Music for Lent.

Bucharest Score by Alina Coryell, 2011.

In response to Natalie, whose lovely Lenten tunes are currently ripening the rooms of our house, this is a playlist which we imagined might hustle a grin from a headphone-wearing girl walking the snow silken streets of American cities.

The songs she might meet on the street at the beginning of Lent.

EMMYLOU by First Aid Kit

P: She walks up to a rack with scarfs, coats, sweaters, and hoodies hanging from metalic hooks. Various miscellaneous items sit on top of board over the rack, a holding place for coins, the daily mail and books to be read. She pulls away a scarf from one of the hooks and wraps it around her neck. She pulls a coat on, takes a book underneath her arm and opens the door.

THE BOOK OF LOVE by The Magnetic Fields

A: The stairs smell of cold, wet conversations and cheap science toys. A boy in a blue pea coat snaps a photo of a beaming man embracing a woman trapped by the same beam. The glow surrounding them is as fake as the light from the flash. She takes the steps down two-by-two.

WHY’D YOU COME IN HERE LOOKIN’ LIKE THAT? by Dolly Parton

P: Billboards for jeggings and extra-diet soda.

SPARROWS AND SPARROWS by Malcolm Holcombe

A: Handpainted Russian eastern eggs in the window of the newstand which serves Turkish coffee.

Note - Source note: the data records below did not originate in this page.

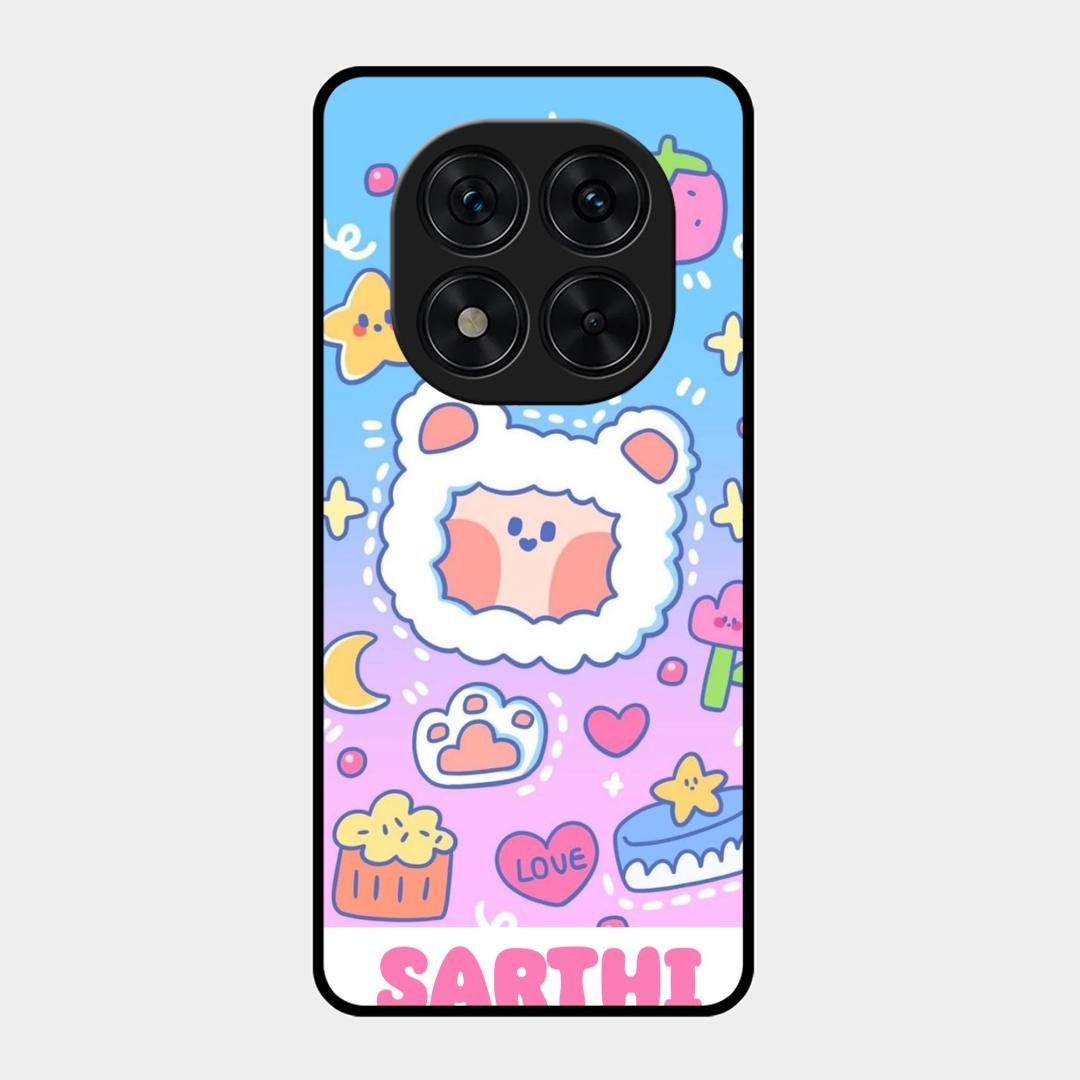 Sheep Glossy Metal Case Cover For Redmi Note 15 Pro 5G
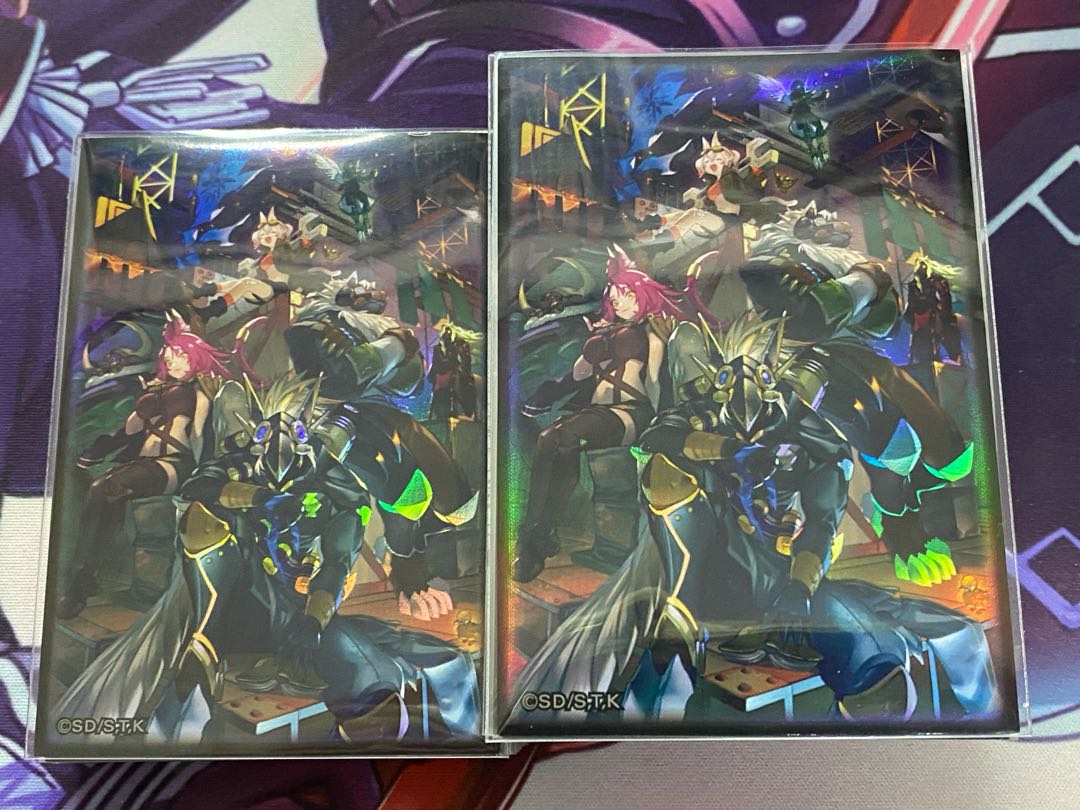 YU-GI-OH! Iron Beast Front (Tribrigade) Tournament Construction Deck 1枚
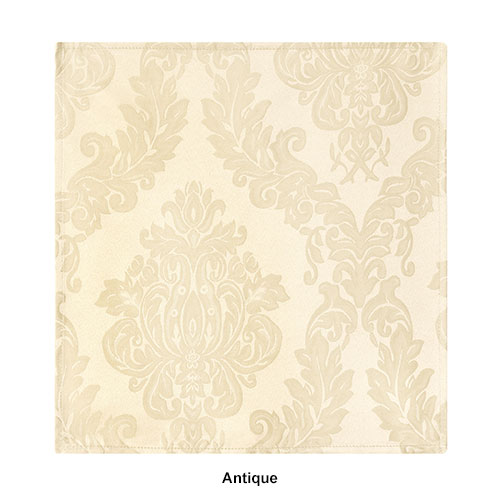 Elrene Barcelona Damask Napkins - Set Of 4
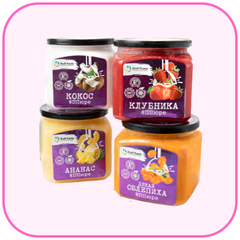 Proff Puree. заморозка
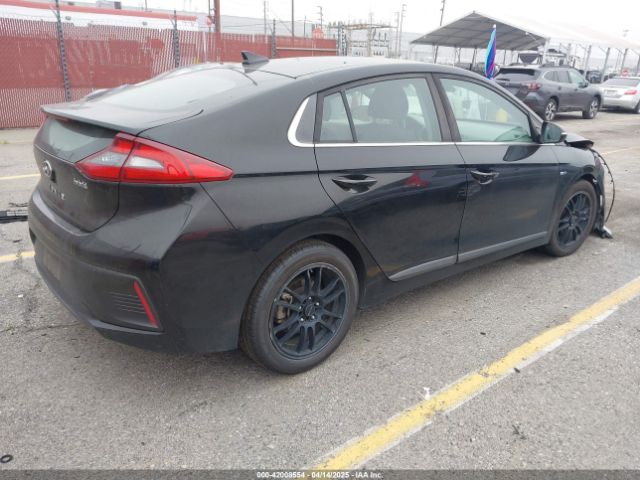 KMHC75LC2JU062582 Hyundai Ioniq Hybrid Sel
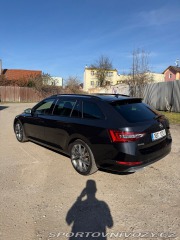 Škoda Superb 2,0 SPORTLINE 2019 140k 2019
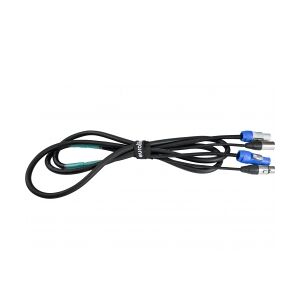 EuroLite Combi Cable DMX P-Con/3 pin XLR 3m TILBUD NU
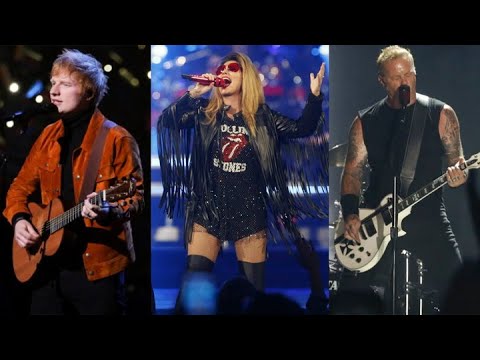 CONCERTS FOR 2023 Here’s to a musical new year across Canada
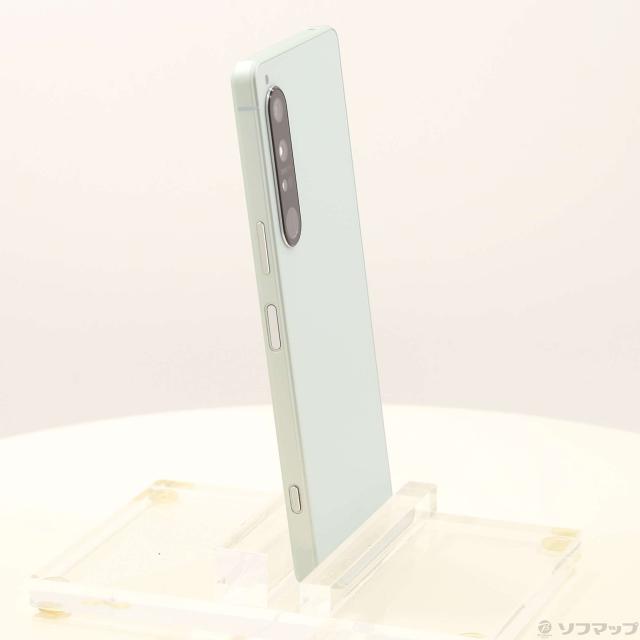 中古)SONY Xperia 1 IV 512GB アイスホワイト XQ-CT44 SIMフリー(297-ud)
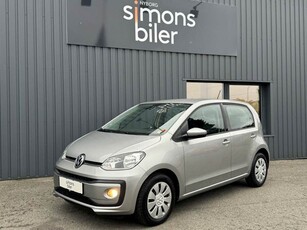 VW UP! 1,0 MPi 60 Move Up! BMT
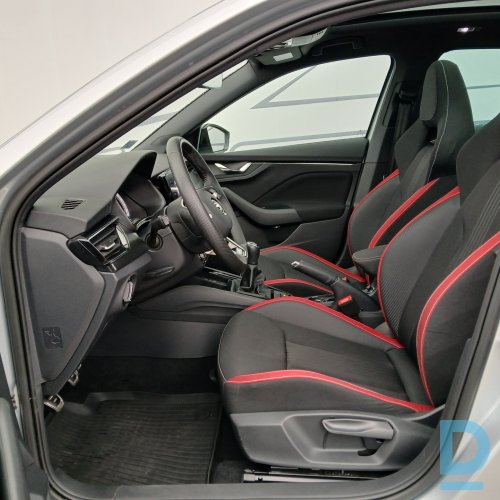Pārdod Skoda Scala Monte Carlo 1.5TSI, 2023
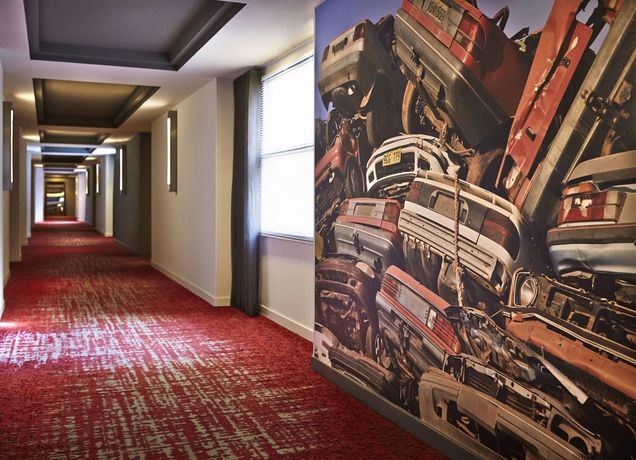 Imagen de los interiores del Hotel Zetta San Francisco. Foto 15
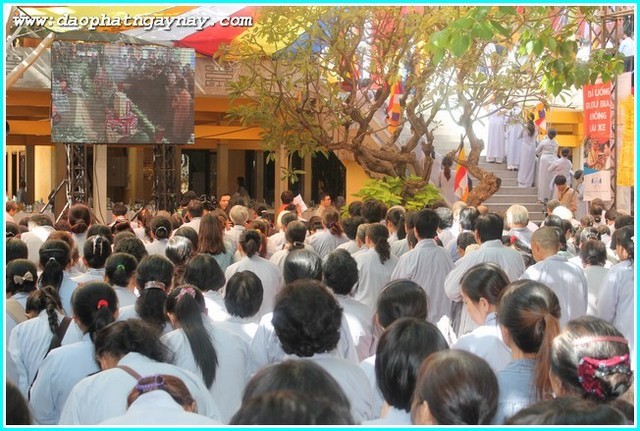 TP.Hồ Chí Minh:   Đại Lễ Cầu Siêu Tai Nạn Giao Thông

CLOUDBUSTING by Neil Halstead

A: Stopping to sit near a small duck pond and count clouds as their reflection passes over the still water.

IF A SONG COULD BE PRESIDENT by Over the Rhine

A: A super-ribboned woman wearing a green ribbon, a rainbow ribbon, a pink ribbon, and a yellow ribbon tries to tell her about the new campaign represented by a mauve ribbon. Her friend says J. Crew is creating new colors to keep the world from running out of ribbon campaigns and small kindnesses.

BOOGERS by David Rovics

A: She rounds the corner. A schoolbus stops and out swarms a gaggle of elementary school students with yellow-tinged crystals hanging from their noses.

YOUTH AGAINST FASCISM by Sonic Youth

A: One short, well-dressed teen saunters past wearing a pro-life tshirt with a photo of an aborted baby on the front. He laughs as he tells his friends about the new submachine gun he just ordered online. The combined laughter resembles the chorus of a gospel choir.

HOLIDAY (Green Day cover) by Hayseed Dixie

A: The handsomely-dressed mother reaches down to smack the hand of the toddler pulling at her linen skirt. Her voice narrows to the sound of a needle meant to remind the little person that disobedience and dirty hands hurt. The hairstyle resists intimacy.

DOWNTOWN by Destroyer

P: People flow past in a torrent as if escaping from a coming storm. The buildings sway in the breeze like trees of glass while the cement underneath crumples like dried balls of Georgia clay. Life teems and writhes over the sidewalks of this fish-bowl city. All looking for a crumb.

PEOPLE ARE CRAZY by Billy Currington

A: She passes a honky-tonk, the neon half-lit and twinkling like an eye tic. Maybe mud-riding offers a palpable background for theology. The rain turns God’s play dough, our clay-made bodies, to mud. Melting is unavoidable.

DORS DAN MON SANG by Karkwa

A: An elderly Korean lady sweeps a tiny cement step again and again, tracing shapes and memories over something so hard.

NO PLACE TO FALL (Townes Van Zandt cover) by Isobel Campbell and Mark Lanegan

A: A wild-eyed man wearing black motorcyle boots rummages through a trash can calling his diary in various dimunitives.

HANDOUTS IN THE RAIN by The Cowboy Junkies

A: She drops some change and a gift card into the bowl of the old homeless veteran who frequents her subway stop. He laughs and explains that he doesn’t remember anything anymore- not even what something is worth. Or how much a candy bar costs. Values change too quickly these days.